New York - Russland will bei der UNO ein Waffenembargo gegen Georgien erwirken. Der russische UN-Botschafter Witali Tschurkin sagte am Dienstag in New York, er werde einen entsprechenden Resolutionsentwurf einreichen. Georgien sieht seine Vorwürfe gegen Russland wegen des Kaukasus-Konflikts vor dem Internationalen Gerichtshof bestätigt.

Russland habe bei der Anhörung in Den Haag Gelegenheit gehabt, die Vorwürfe zu widerlegen, dies sei aber nicht gelungen, sagte der Anwalt Georgiens, James Crawford, am Dienstag in seiner Schlusserklärung vor dem Gerichtshof. Er bekräftigte zugleich die Auffassung der georgischen Regierung, wonach die Angelegenheit in den Zuständigkeitsbereich des Internationalen Gerichtshofs falle. Georgien hatte am Montag zu Beginn der dreitägigen Anhörung an das Gericht appelliert, gegen Gewalt und Vertreibung in seinen abtrünnigen Regionen Abchasien und Südossetien zu intervenieren.

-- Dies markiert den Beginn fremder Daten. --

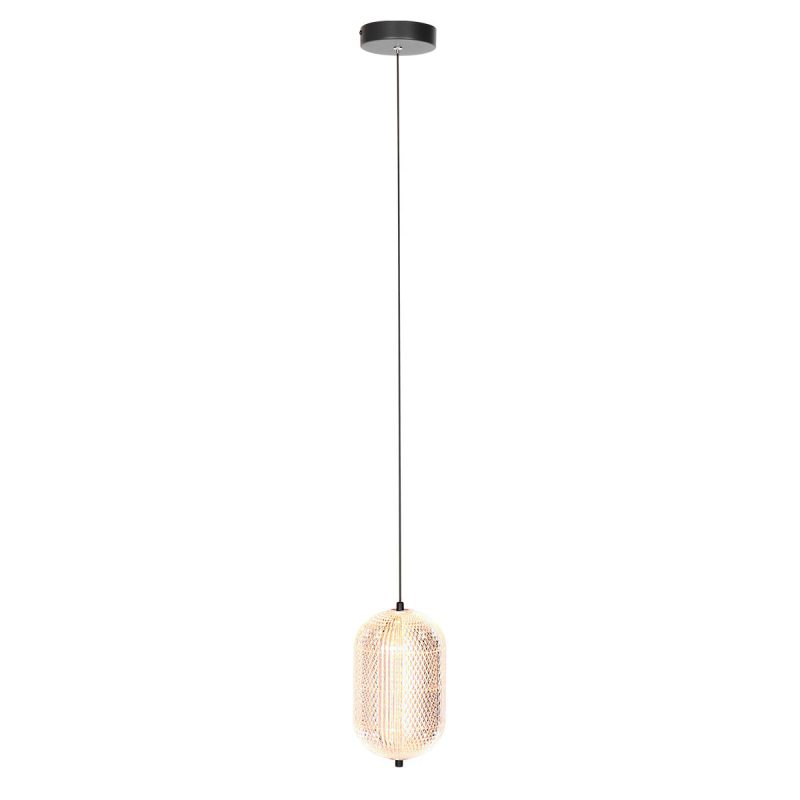 hanglamp-geripu-3840zw-o15cm-geribbeld-kunststof-hanglamp-mexlite-geripu-amberkleurig-en-zwart-3840zw-1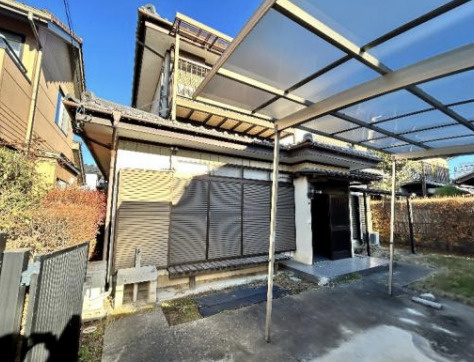【外観】 | 久喜市吉羽3丁目　中古戸建　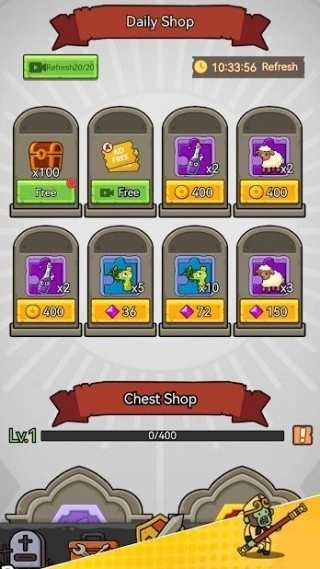 弹跳大战僵尸最新版图2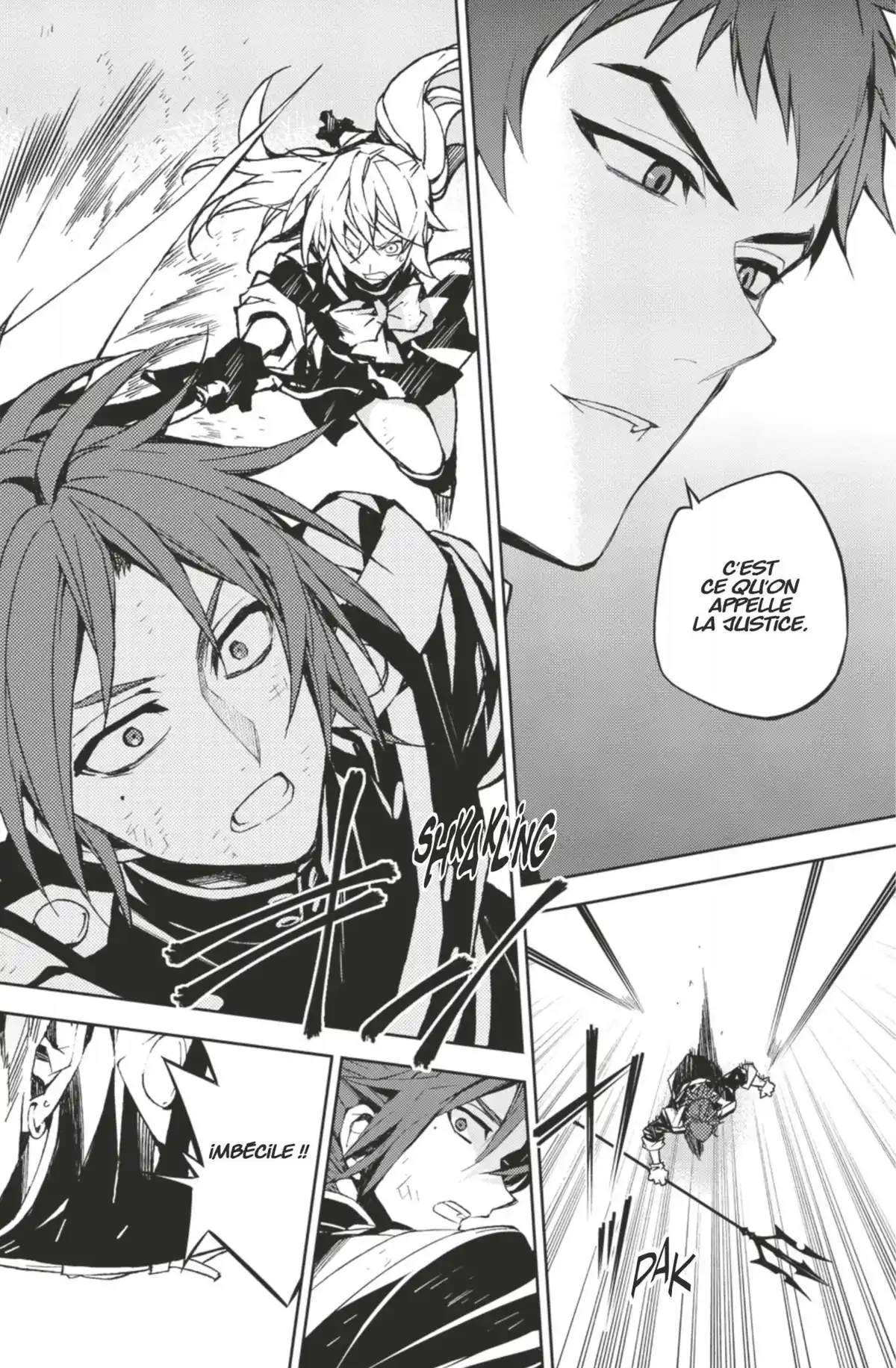 Seraph of the End Volume 11 page 46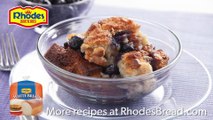 Creamy Blueberry Bread Pudding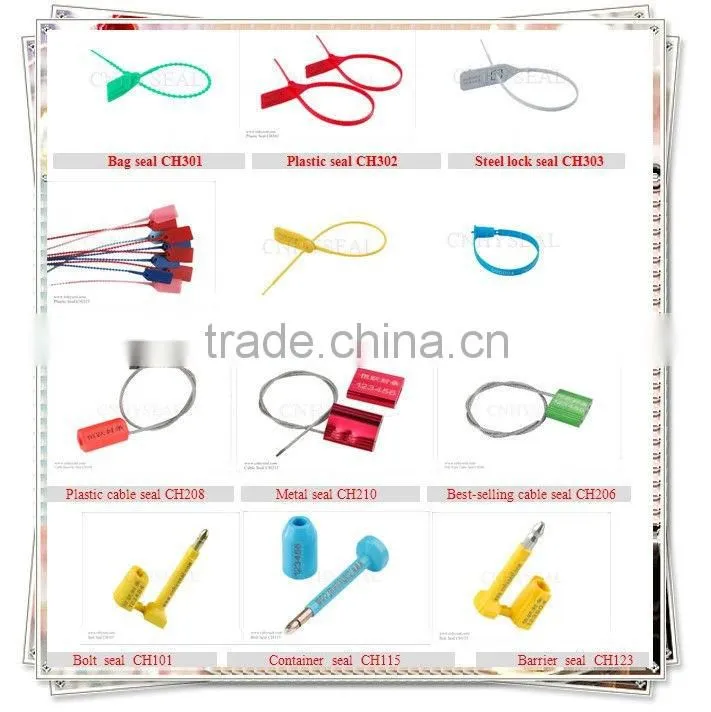 CH312 high security plastic seal for truck doors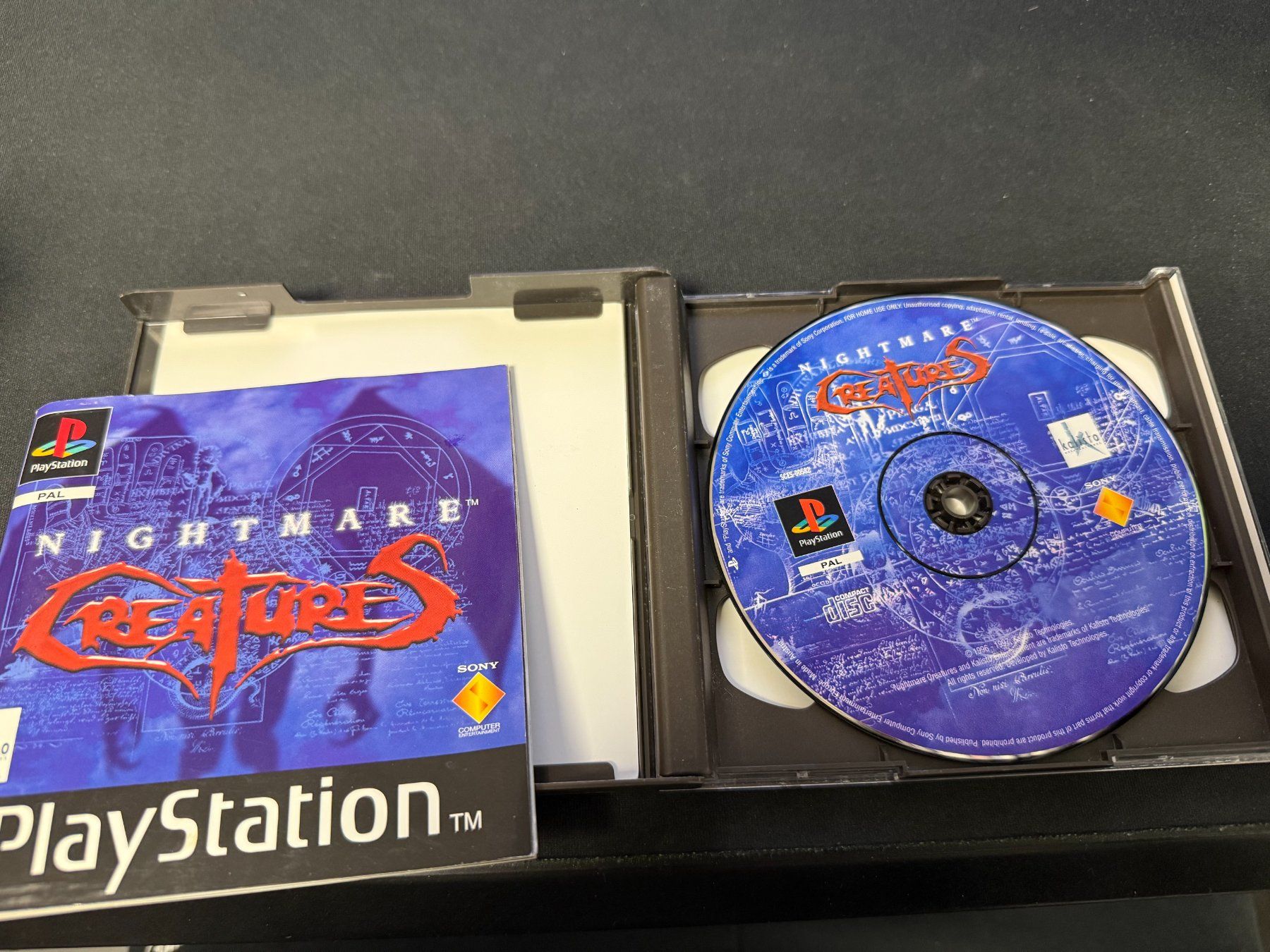 Sony Spiele: Nighmare Creatures - PS1 – Gebraucht aus Pont-de-la-Morge von Darfal 1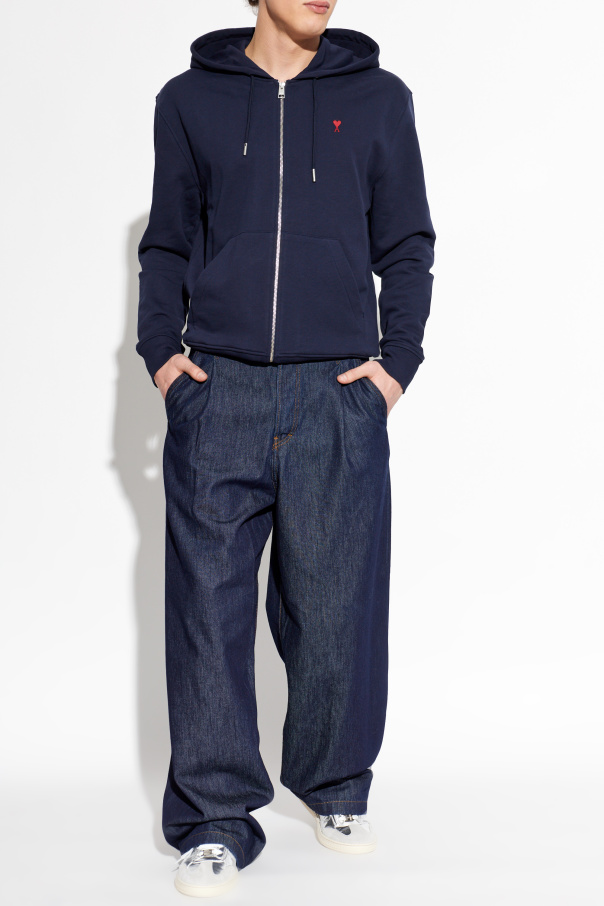 Ami Alexandre Mattiussi Sweatshirt with embroidered logo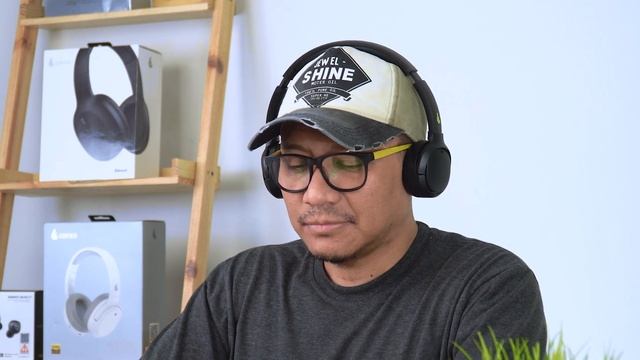 Headphone Wireless nyaman, baterai panjang harga bersahabat (Review Edifier WH500) (eng subt) смотреть онлайн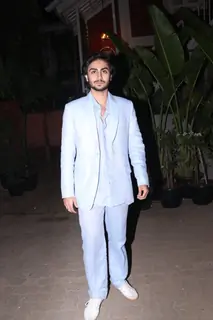 Arhaan Khan snapped in the city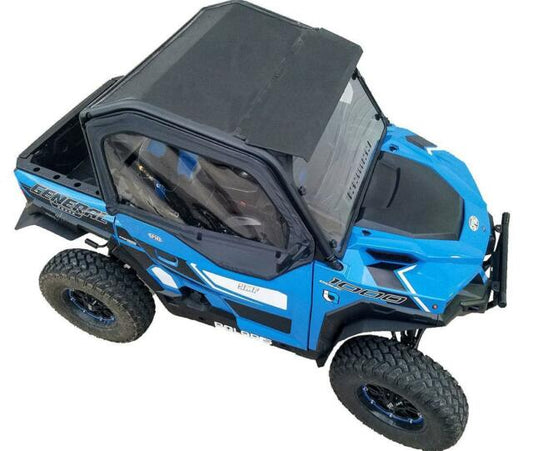 Polaris General Fender Flares Overfenders with Mud Guards - JT Cycle & ATV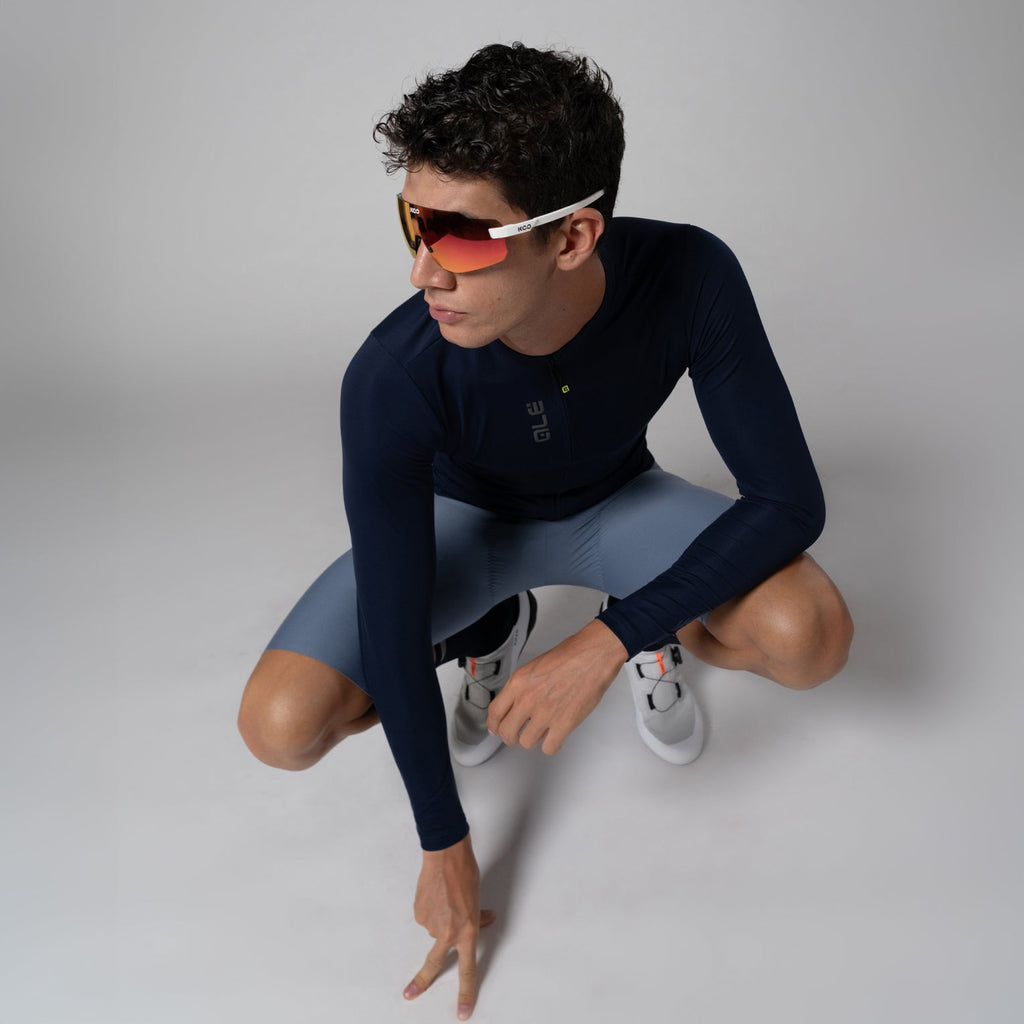 Men's Color Block Long Sleeve Jersey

Verbrechen gegen die Menschlichkeit

Die stellvertretende Justizministerin Tina Burdschaljani warf Russland am Montag eine "Kampagne der Bedrohung und Verfolgung" vor, mit der Georgier aus diesen Gebieten vertrieben werden sollten. Nach georgischen Angaben wurden seit den 90er Jahren tausende Menschen getötet, mehr als 300.000 wurden Flüchtlinge. Russland habe die Unabhängigkeit Georgiens untergraben wollen und die "empfindliche multiethnische Kultur zerstört".

Russland seinerseits wirft Georgien wegen des Angriffs auf Südossetien im vergangenen Monat Verbrechen gegen die Menschlichkeit vor. Dabei seien russische Friedenssoldaten und Dutzende Unbeteiligte getötet worden. Die Anwälte Russlands werden am (morgigen) Mittwoch ihre Schlusserklärung abgeben. Danach werden die 15 Richter des Weltgerichtshofs entscheiden, ob sie den Fall zur Verhandlung annehmen. (APA/AP)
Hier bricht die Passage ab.